_Directions_: The entries below should be set down again exactly, with every picture left out.

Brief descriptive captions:
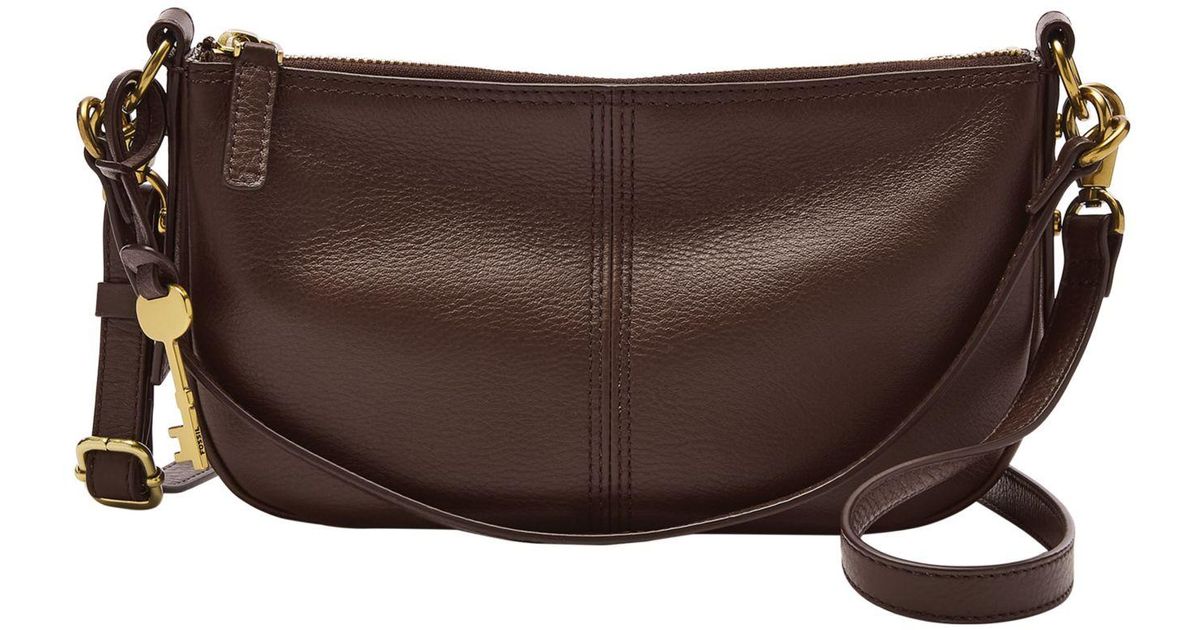 Fossil Jolie Leather Baguette Bag in Espresso (Brown) | Lyst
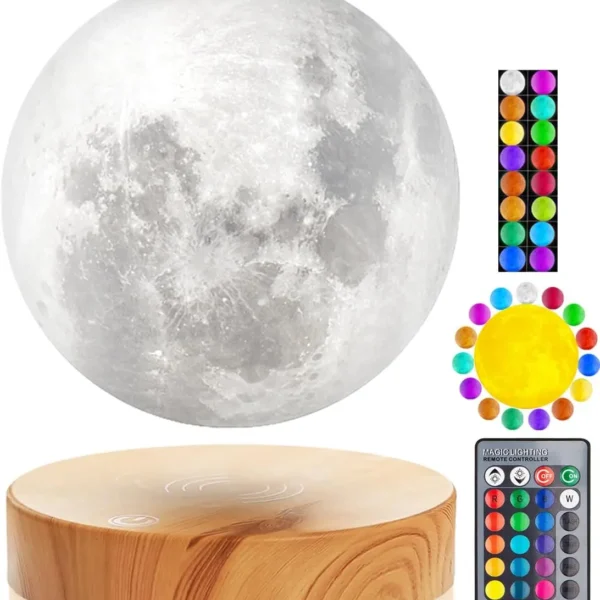 Floating Moon Lamp with 16 Colors, Magnetic Levitation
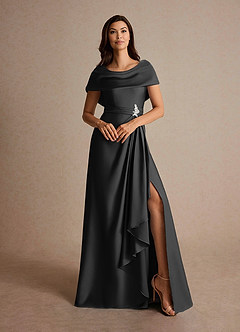 Azazie Branford Mother of the Bride Dresses Black A-Line Pleated Stretch Satin Dress image7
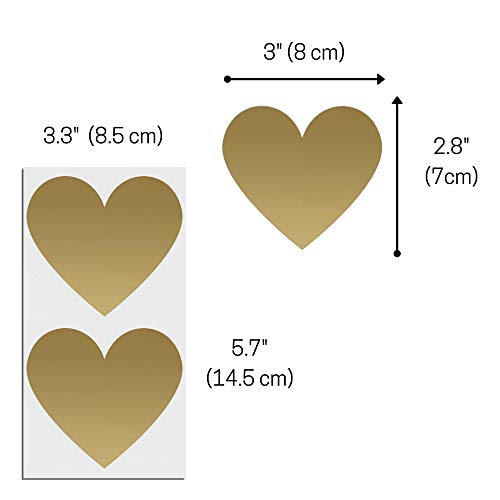 50 Piezas, Pegatinas Rasca de Corazón (Scratch Sticker) - 8 x 7 cm, Oro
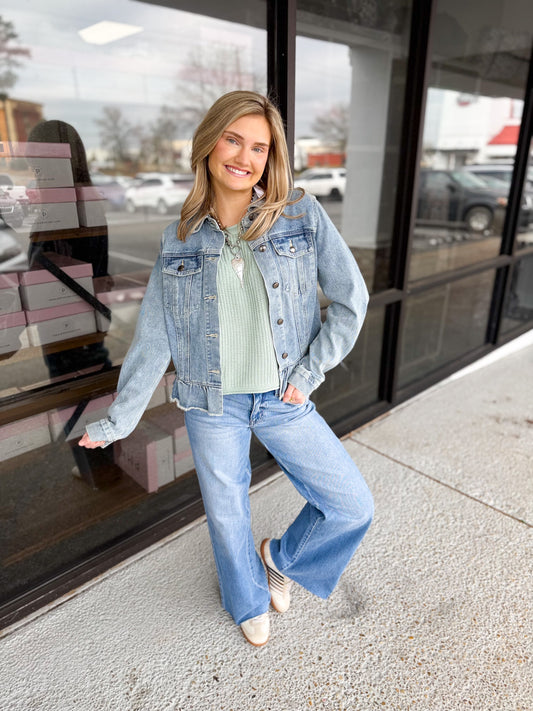 Ruffled Cutie Denim Jacket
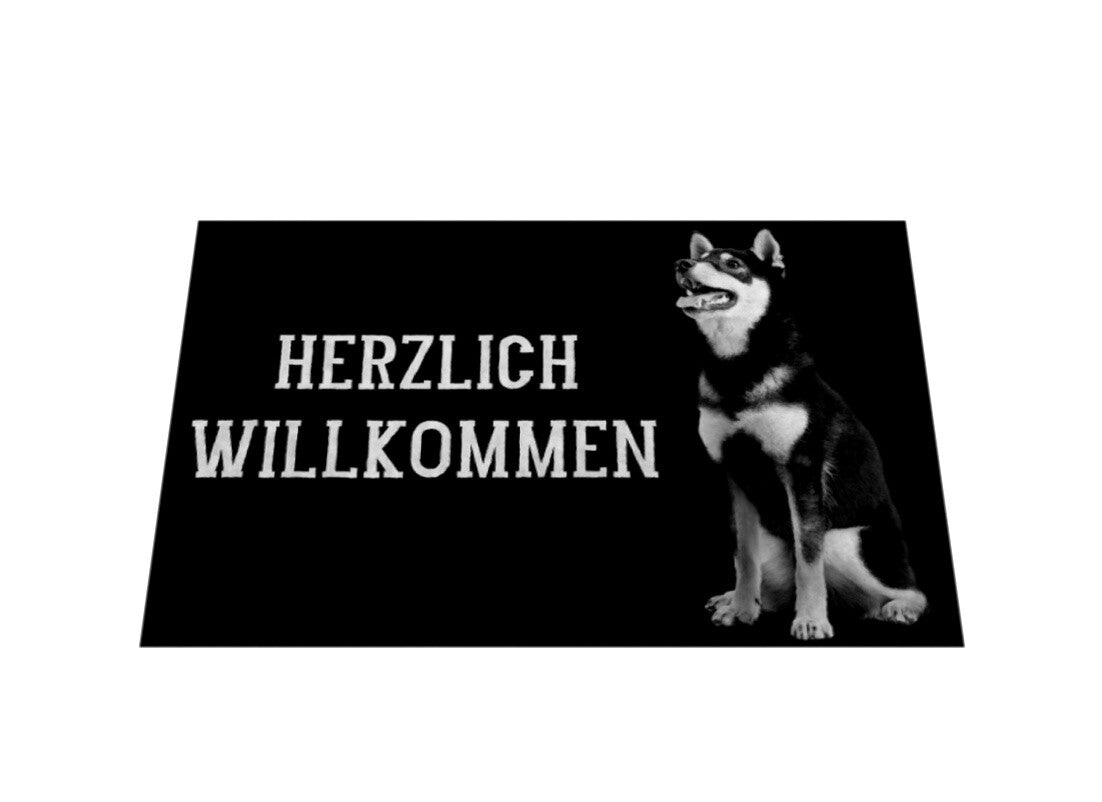 Fußmatte "Shiba Inu - Herzlich Willkommen" – hunde-shirt.de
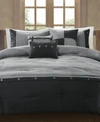 Madison Park Boone Microsuede 7-pc. King Comforter Set Bedding In Grey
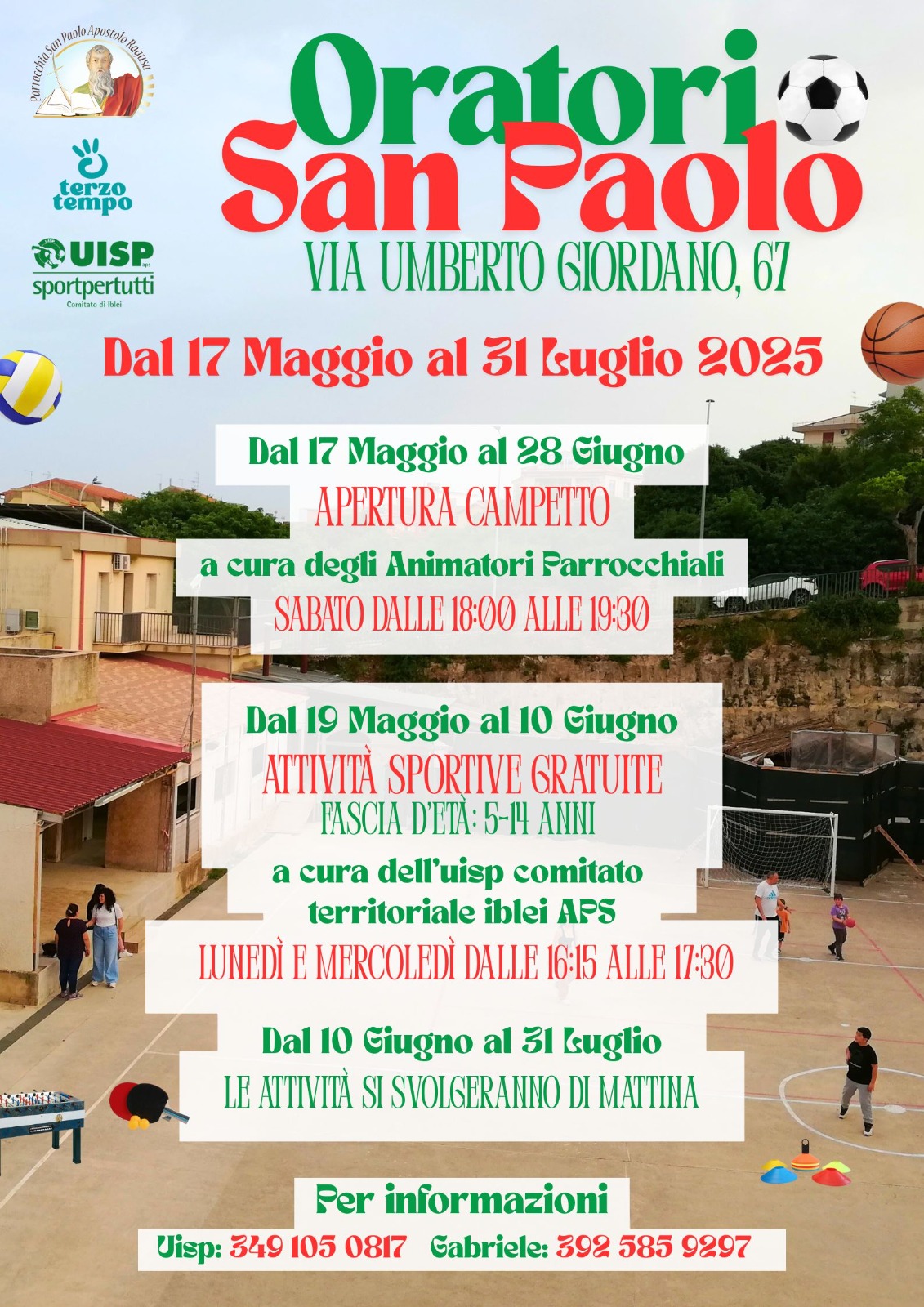 Attività Sportive Gratuite Fascia d'età 5-14 Anni 10 Giugno al 31 Luglio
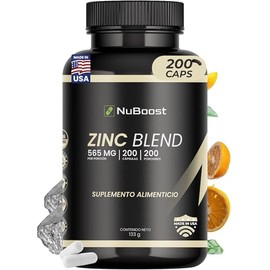 NuBoost - Zinc 20 mg con Colágeno Hidrolizado, L-Arginina y Vitamina C - 200 Cápsulas de Zinc - Suplemento para Piel, Cabello, Uñas y Rendimiento - USDA Organic, Hecho en USA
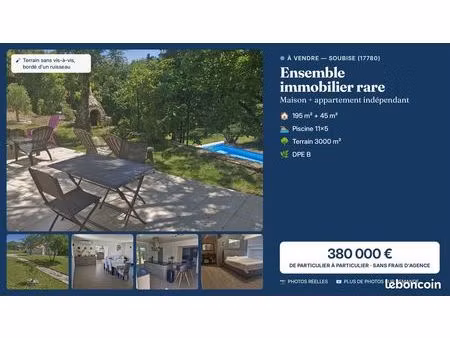ensemble immobilier rare - maison 195 m² + appartement indépendant 45 m² - piscine 11×5 - 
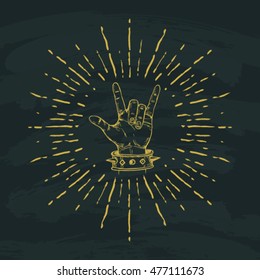 hand sign rock n roll music, vector illustration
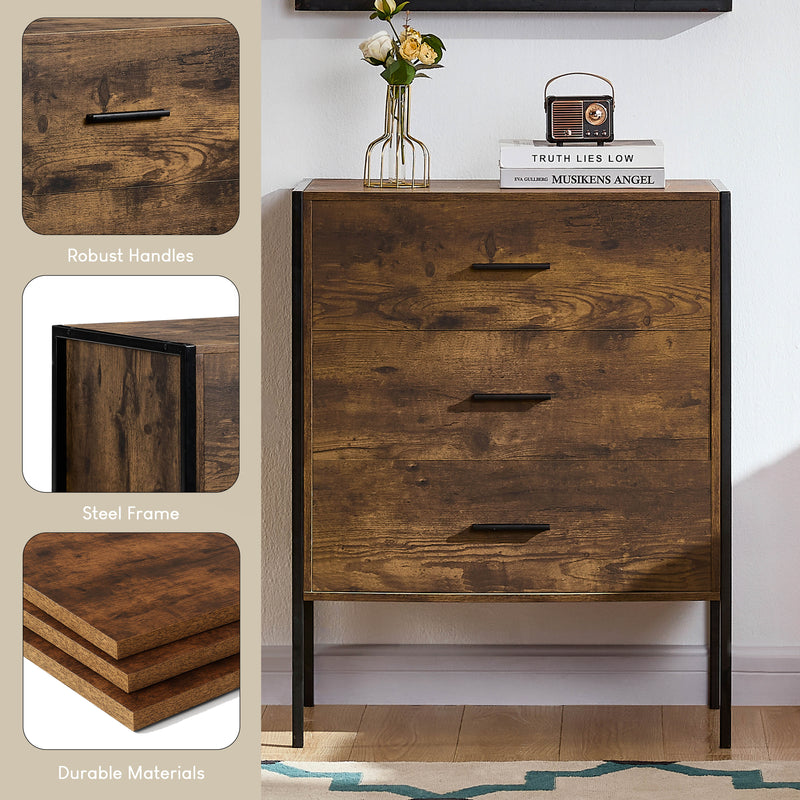 Brooklyn 3-Drawer Chest - Dark Wood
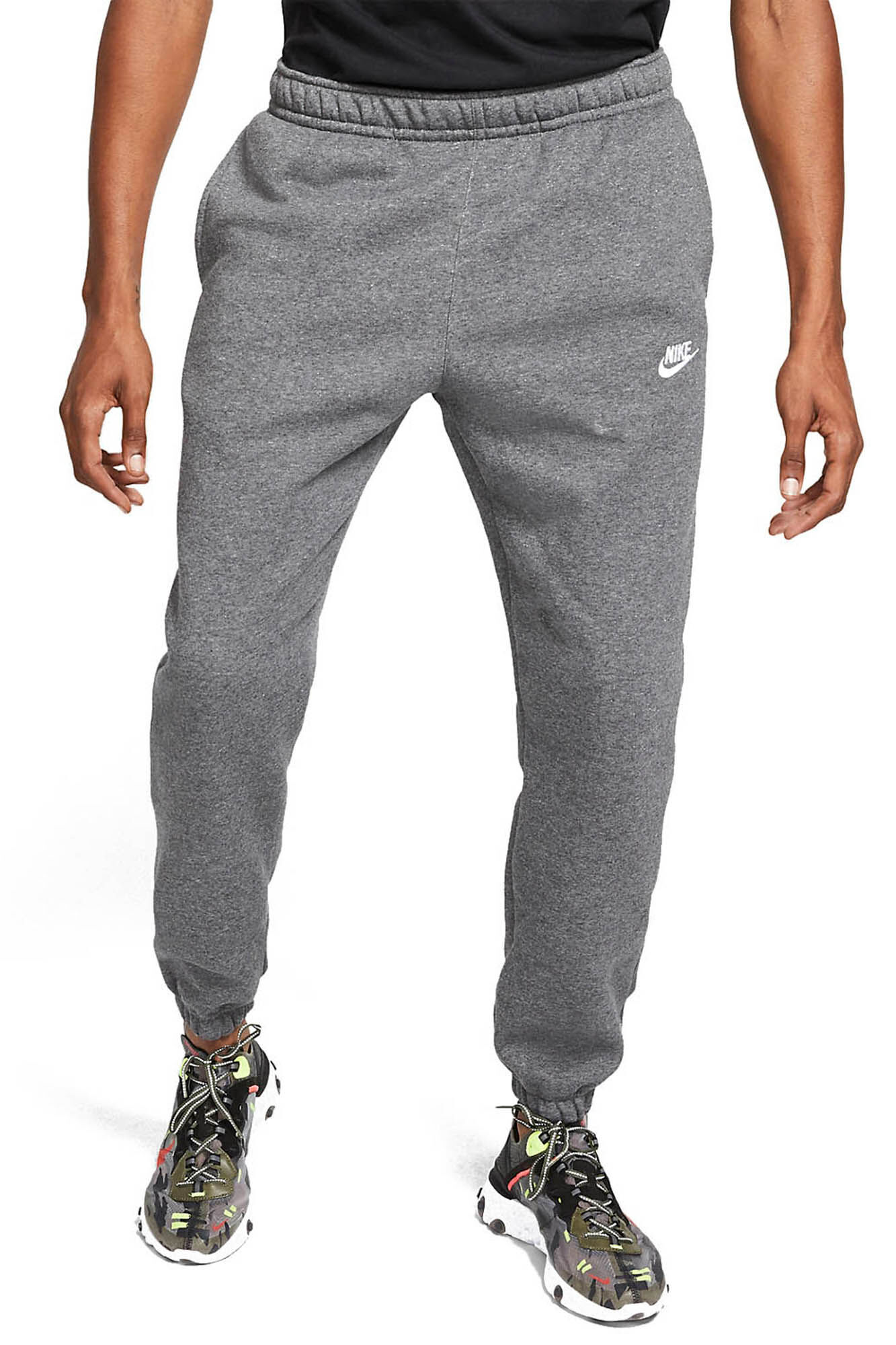 nike club casual fit cuffed sweatpants in gray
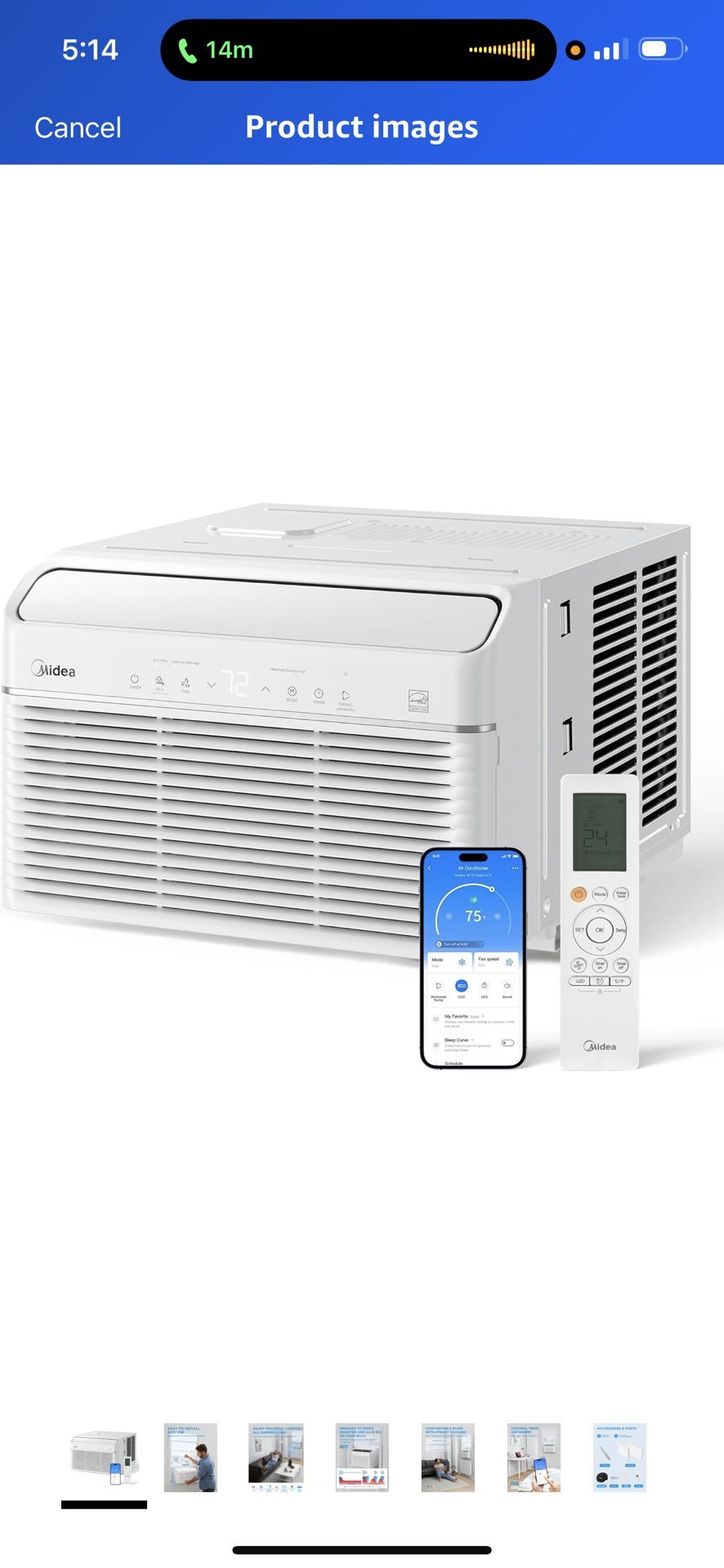 Midea 12,000 BTU Smart Inverter Air Conditioner Window Unit with Heat and Dehumidifier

_Answer below_:
 Fossil Jolie Leather Baguette Bag in Espresso (Brown) | Lyst
 Floating Moon Lamp with 16 Colors, Magnetic Levitation
 Azazie Branford Mother of the Bride Dresses Black A-Line Pleated Stretch Satin Dress image7
 50 Piezas, Pegatinas Rasca de Corazón (Scratch Sticker) - 8 x 7 cm, Oro
 Ruffled Cutie Denim Jacket
 Fußmatte "Shiba Inu - Herzlich Willkommen" – hunde-shirt.de
 Madison Park Boone Microsuede 7-pc. King Comforter Set Bedding In Grey
 Attività Sportive Gratuite Fascia d'età 5-14 Anni 10 Giugno al 31 Luglio
 NuBoost - Zinc 20 mg con Colágeno Hidrolizado, L-Arginina y Vitamina C - 200 Cápsulas de Zinc - Suplemento para Piel, Cabello, Uñas y Rendimiento - USDA Organic, Hecho en USA
ensemble immobilier rare - maison 195 m² + appartement indépendant 45 m² - piscine 11×5 - 
 hand sign rock n roll music, vector illustration
 Brooklyn 3-Drawer Chest - Dark Wood
 nike club casual fit cuffed sweatpants in gray
 Midea 12,000 BTU Smart Inverter Air Conditioner Window Unit with Heat and Dehumidifier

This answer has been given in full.